I would hate to make this post too metaphysical, but while the ideas of a tupla being sentient and conscious seems simple enough, I don't think it really amounts to anything. You run into the age-old problem of what is sentience and what is consciousness. I do not think that realizing you are distinct comes before actually being so. In other words, just because I realize at some point that my tulpa is not me does not mean that they were or were not me before. The problem is that we can only analyze the phenomenon to the extent that we are aware or conscious of it, which leads to misconceptions of the whole process.

 

Another interesting idea is the separation between a tulpa and a host. Consciousness functions by making distinctions. It is aware by separating stimuli and perceptions into categories and dividing what is me and what is not me. For example, it is immediate to my senses that the words on the screen reflect the thoughts in my head, but the computer to which I input them are not me. I wonder how much we can truly distinguish thoughts or consciousness and for that matter a tulpa from a host. What makes my thoughts mine and not theirs? Are they even mine in the first place? It is simple enough to imagine the tulpa having their neurons that are separate from the host, but lots of research into neuroscience shows that this is probably not the case. Thoughts and consciousness seem to arise from the global system of a lot of neurons working in different networks in a complex and dynamic way. A good analogy is the global economic system or large ecosystems. I do not think that a person could logically or ontologically (I couldn't help myself) separate a host and a tulpa into distinct entities. What that makes the whole relationship that everyone claims to experience is anyone's guess.

Unless you believe, you shall not understand.

 

It would most likely be that a tulpa is when a second personality is allowed to develop within the brain. Somehow, the brain allows for parallel processing without affecting the first personality. Although the ‘limit’ is unknown, some claim that they have five or more tulpae, some claiming that there is no limit. This rases the question of how the human brain can manage such a feat. In other words, a tulpa is likely a separate person all together, but uses the same brain, but with different opinions, memories &c.

You could also try throwing this to the metaphysics and parapsychology board to get a completely different take on this.
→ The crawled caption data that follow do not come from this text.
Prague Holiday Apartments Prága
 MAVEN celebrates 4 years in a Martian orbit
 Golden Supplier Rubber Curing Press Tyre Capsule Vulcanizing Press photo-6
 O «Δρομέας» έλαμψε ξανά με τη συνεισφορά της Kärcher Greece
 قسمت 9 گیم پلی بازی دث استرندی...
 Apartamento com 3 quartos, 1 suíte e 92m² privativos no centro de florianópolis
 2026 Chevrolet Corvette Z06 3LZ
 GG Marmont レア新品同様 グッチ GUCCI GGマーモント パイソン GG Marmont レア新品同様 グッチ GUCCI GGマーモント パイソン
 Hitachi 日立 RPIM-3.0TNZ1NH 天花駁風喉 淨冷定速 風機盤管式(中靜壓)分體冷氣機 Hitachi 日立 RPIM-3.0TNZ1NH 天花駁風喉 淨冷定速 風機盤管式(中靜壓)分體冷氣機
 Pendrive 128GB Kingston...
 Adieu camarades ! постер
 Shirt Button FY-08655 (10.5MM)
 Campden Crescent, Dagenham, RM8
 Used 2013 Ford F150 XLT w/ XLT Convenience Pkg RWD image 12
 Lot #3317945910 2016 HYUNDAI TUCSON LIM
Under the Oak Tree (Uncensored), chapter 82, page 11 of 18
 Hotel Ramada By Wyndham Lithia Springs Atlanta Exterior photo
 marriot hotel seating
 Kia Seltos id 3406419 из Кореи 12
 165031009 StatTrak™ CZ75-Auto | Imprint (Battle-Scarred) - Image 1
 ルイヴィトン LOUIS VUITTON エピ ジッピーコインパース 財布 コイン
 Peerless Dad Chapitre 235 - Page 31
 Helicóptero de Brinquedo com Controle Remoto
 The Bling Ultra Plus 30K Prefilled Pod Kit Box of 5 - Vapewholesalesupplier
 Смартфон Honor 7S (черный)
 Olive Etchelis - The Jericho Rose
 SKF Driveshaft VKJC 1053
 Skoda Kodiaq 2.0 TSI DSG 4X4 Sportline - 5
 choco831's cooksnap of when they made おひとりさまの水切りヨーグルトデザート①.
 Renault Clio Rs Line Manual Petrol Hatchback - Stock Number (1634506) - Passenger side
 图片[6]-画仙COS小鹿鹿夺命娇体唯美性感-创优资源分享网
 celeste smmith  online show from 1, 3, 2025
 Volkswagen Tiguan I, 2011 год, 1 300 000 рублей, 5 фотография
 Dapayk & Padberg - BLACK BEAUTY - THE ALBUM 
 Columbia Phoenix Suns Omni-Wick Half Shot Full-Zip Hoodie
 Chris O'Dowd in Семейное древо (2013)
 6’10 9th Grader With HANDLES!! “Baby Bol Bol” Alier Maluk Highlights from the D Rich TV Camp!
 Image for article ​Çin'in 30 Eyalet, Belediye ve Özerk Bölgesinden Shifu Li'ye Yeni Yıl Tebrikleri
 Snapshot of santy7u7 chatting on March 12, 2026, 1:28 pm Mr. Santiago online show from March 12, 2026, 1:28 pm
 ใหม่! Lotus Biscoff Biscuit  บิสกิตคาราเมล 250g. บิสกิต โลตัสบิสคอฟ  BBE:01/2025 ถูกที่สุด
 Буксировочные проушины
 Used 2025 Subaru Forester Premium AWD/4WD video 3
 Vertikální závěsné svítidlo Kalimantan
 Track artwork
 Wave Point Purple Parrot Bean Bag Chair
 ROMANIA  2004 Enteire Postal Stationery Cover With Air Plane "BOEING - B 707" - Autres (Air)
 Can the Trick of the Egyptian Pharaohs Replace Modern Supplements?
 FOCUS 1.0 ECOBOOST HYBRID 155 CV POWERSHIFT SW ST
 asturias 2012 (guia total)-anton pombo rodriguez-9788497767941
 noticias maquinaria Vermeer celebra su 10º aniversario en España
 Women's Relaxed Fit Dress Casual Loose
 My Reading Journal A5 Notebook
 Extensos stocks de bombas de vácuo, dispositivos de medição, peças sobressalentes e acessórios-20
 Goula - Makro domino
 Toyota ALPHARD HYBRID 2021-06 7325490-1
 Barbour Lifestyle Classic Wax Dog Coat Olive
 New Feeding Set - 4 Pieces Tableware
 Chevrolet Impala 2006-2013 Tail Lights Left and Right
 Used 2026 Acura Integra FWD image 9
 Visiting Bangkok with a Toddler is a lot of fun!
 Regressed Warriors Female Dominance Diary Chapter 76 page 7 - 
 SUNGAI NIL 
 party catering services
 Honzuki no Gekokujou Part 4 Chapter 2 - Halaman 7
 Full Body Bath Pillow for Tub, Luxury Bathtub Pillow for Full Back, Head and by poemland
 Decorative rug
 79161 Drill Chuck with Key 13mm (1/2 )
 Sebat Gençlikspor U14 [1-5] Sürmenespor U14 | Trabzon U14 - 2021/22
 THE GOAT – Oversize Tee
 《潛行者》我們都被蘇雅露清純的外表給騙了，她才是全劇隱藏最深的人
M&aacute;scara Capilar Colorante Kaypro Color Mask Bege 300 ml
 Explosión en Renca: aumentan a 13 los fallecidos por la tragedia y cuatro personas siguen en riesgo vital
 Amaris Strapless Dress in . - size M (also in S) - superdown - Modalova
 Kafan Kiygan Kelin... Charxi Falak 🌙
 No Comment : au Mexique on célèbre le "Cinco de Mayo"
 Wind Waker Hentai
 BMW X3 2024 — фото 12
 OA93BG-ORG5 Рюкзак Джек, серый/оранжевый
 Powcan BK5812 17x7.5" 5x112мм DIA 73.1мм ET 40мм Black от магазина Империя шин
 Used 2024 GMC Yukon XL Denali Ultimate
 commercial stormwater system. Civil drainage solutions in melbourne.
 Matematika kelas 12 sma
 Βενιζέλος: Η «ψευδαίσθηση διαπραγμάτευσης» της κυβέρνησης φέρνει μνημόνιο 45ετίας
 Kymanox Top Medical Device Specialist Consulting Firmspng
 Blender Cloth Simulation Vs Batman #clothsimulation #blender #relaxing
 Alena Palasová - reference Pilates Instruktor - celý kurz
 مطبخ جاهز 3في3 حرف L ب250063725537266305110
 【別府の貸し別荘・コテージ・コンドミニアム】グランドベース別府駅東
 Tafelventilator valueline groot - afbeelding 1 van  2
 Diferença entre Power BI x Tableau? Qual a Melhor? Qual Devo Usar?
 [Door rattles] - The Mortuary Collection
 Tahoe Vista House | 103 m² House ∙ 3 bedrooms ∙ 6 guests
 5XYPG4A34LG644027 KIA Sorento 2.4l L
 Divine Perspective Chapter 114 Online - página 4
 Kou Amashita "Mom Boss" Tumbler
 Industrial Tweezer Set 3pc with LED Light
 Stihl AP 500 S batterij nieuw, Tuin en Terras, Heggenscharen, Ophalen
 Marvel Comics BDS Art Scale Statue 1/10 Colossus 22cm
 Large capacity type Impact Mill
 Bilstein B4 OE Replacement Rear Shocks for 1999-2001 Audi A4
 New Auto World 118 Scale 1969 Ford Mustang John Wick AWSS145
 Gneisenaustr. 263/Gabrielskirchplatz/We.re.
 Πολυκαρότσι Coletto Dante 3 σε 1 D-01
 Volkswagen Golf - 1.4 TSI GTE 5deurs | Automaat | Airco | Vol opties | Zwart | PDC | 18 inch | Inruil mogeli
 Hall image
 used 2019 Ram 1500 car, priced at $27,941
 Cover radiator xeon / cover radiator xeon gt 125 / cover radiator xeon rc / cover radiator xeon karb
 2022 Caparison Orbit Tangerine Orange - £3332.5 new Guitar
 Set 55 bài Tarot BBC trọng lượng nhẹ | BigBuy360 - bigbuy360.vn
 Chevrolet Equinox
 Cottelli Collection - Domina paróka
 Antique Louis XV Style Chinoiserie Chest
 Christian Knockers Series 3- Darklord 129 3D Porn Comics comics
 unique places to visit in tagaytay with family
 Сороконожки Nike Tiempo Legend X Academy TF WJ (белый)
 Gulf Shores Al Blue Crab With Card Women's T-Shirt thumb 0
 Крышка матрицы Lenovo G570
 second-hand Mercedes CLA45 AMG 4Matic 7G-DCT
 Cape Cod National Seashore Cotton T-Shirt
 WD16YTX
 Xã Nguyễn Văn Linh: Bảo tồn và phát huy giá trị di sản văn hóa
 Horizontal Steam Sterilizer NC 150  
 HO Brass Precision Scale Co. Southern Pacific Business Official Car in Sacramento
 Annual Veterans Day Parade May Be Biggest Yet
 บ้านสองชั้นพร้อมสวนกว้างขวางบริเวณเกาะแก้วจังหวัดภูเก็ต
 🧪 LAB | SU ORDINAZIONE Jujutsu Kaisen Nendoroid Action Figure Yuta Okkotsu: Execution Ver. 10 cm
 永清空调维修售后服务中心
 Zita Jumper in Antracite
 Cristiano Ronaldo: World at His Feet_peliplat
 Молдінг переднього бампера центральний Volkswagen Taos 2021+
@Toby i loved hearing your story about recognizing you felt differently than Amber.

 

I think i have to agree that a tulpa can realize they're different from their host and that's a really powerful part of truly becoming sentient.

 

I'd existed a few years not really thinking about much but the story host/dad explained. Then one day i noticed that he was about to make an expensive real world mistake and i spotted it and save him money. I noticed something that dad had missed and it was a big wake up call to me. Whatever we were doing suddenly was something he was doing wrong and whatever i was i could tell the difference. I learned how to say "No, listen to me."

 

At this point i'd even say i learned to respect myself and trust the feelings that were starting to bug me but that i wasn't yet putting into words. Suddenly I needed to express something. The phrase Theory of Mind is roughly the idea of recognizing that you have a self in relationship to others. Whatever that first powerful difference is, you wake up to the fact that you have distinct you where ideas of your own come from.

 

There's sentience when you're responsive and absorbing information, but then there's consciousness once you clue in to the fact that you're a person of your own.

Early member of a large system.  Our system questions the way the afterlife and tulpamancy interact.  We genuinely suspect that deadies can return to share the mind of the living.